And if girls are interested in doll’s houses mightn’t they also be interested in Lego sets which build houses. It is often theorized that girls are Lego-starved and therefore miss out on developing those capacities of spatial awareness which are important to science, computing, parking cars and many other fields where males excel. Girls also spend time on computers and computer games…..but are the games all intended for the idealized ‘real’ boys… or for a range of possible interests?


On the other hand maybe children themselves are blowing away stereotypes given the chance? Surely a cookery set or a cookery book can in this era of telly chefs…many of them male… appeal to both the Jamies (Oliver) and the Nigellas (Lawson) and everyone in between?
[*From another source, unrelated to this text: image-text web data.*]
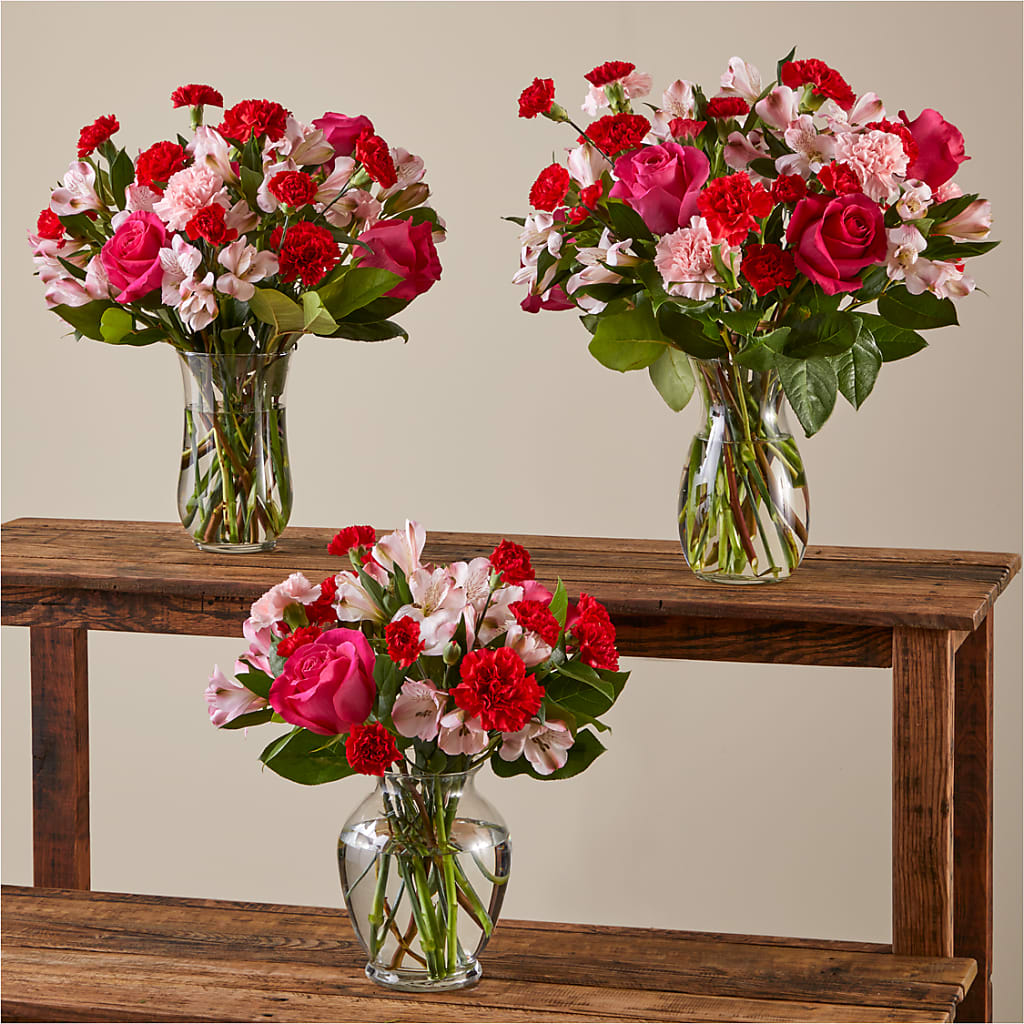 You're Precious Bouquet – At All About Flowers Llc, Cincinnati OH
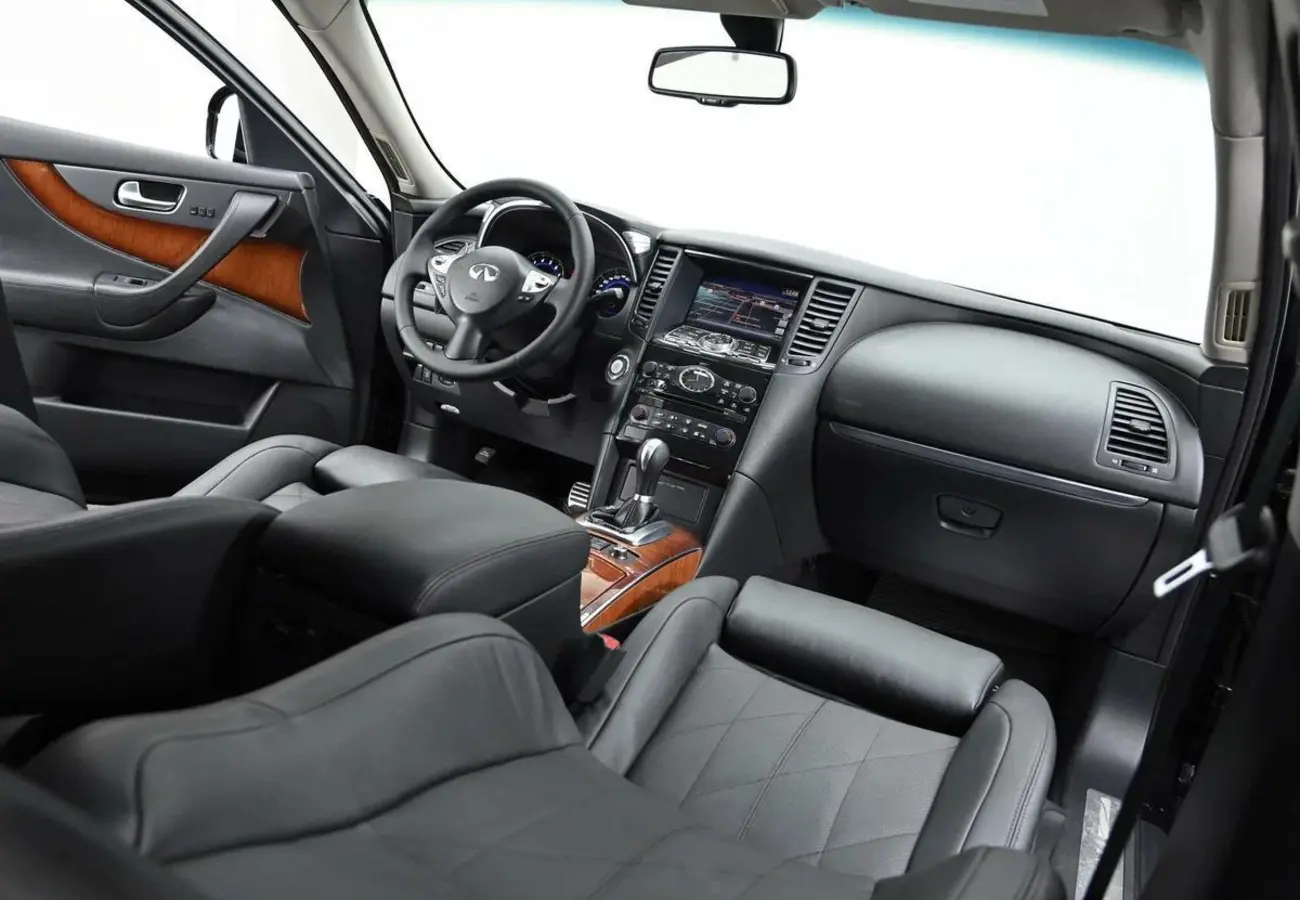 Infiniti FX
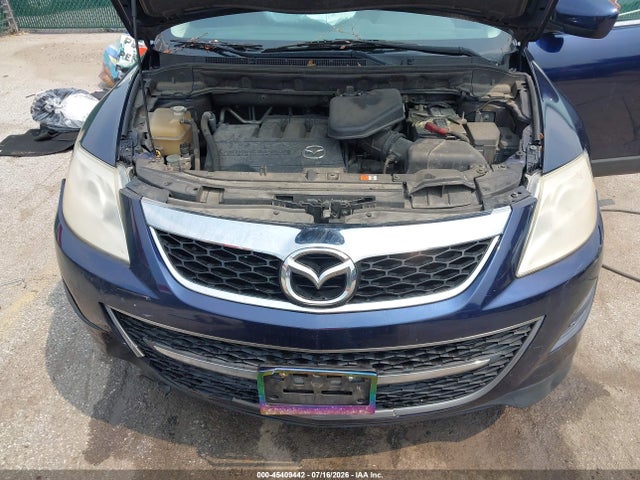 Aukcja sprzedaży 2010 Mazda Cx-9 Sport, vin: JM3TB2MV1A0211497, numer aukcji: 45409442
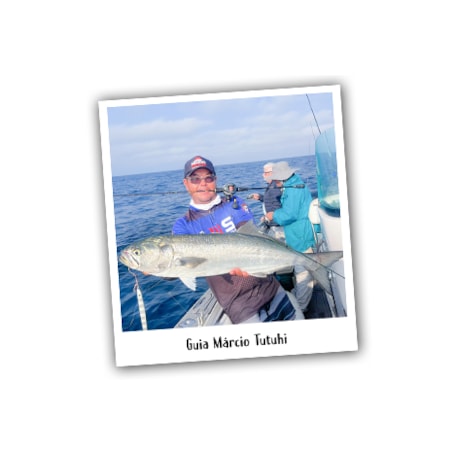 SUGOI Fishing Guides - Marcio Tutuhi 18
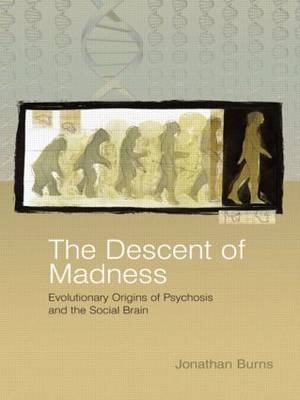 Descent of Madness -  Jonathan Burns
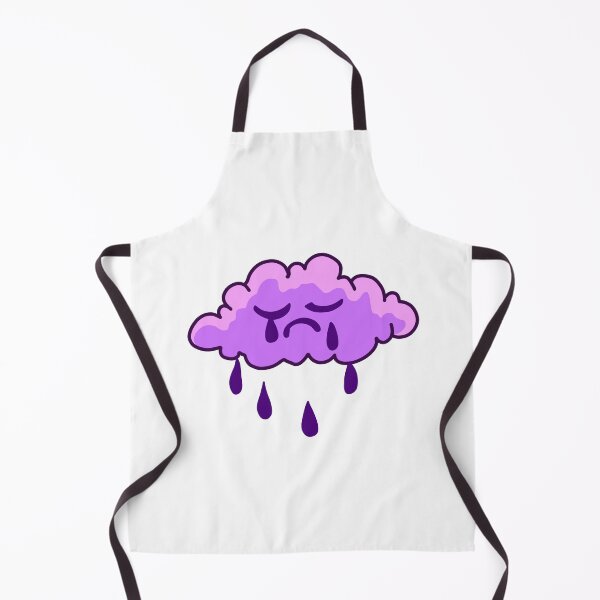 Item preview, Sad cloud designed and sold by VADIMproducts.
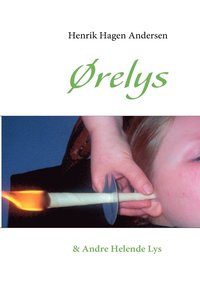 bokomslag Ørelys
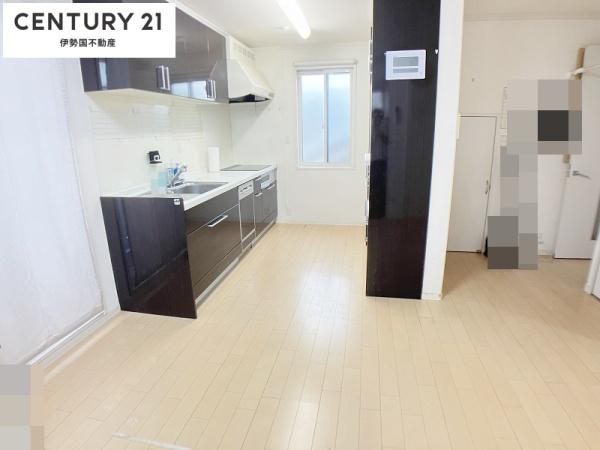 北小松町　中古戸建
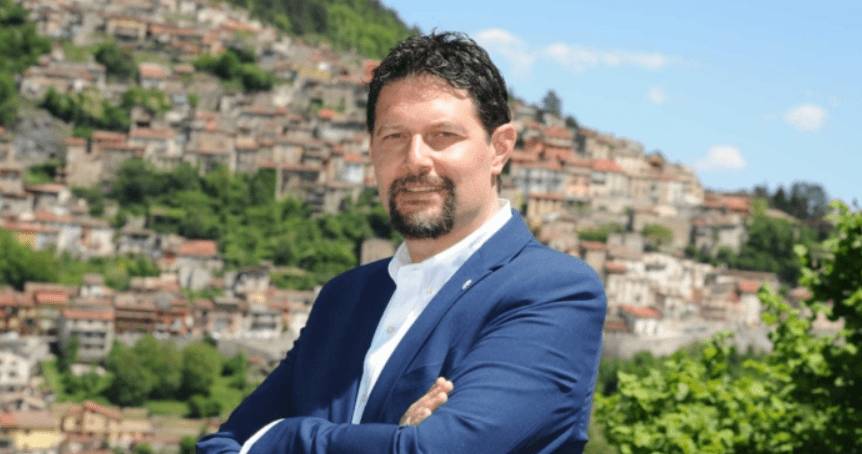 COMUNALI: A CAPISTRELLO NUOVO SINDACO E’ MURZILLI, SCONFITTO CICIOTTI DEL CENTRODESTRA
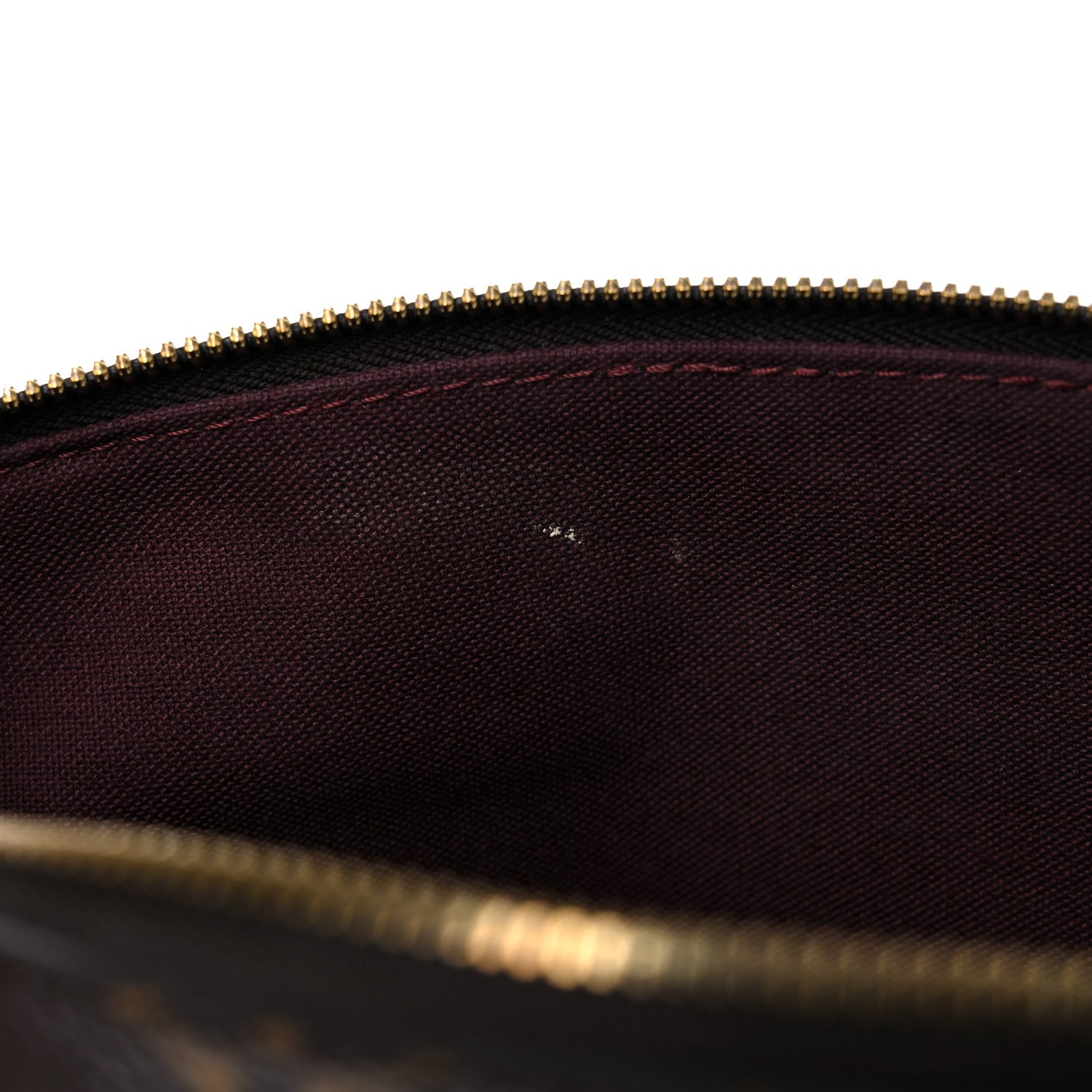 Louis Vuitton Monogram Turenne PM 9 of 23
Are Harry Potter and Katniss Everdeen the only items in the stocking that cross gender lines? Maybe things are not as bad as they seem and we just don’t know?

Don’t say (with Perry Como (1951) or Michael Bublé (2003 & now): 
A pair of hopalong boots and a pistol that, Is the wish of Barney and Ben
Dolls that will talk and will go for a walk, Is the hope of Janice and Jen (It’s Beginning to look a lot like Christmas)
& why is Santa a man anyway?


Do say: Anecdotal evidence suggests that everyone…parents, toy makers, shops, media and marketing, kindergartens and schools…. could do better so that all children have a complete range of toys to think with. But things may not be as bad as they seem.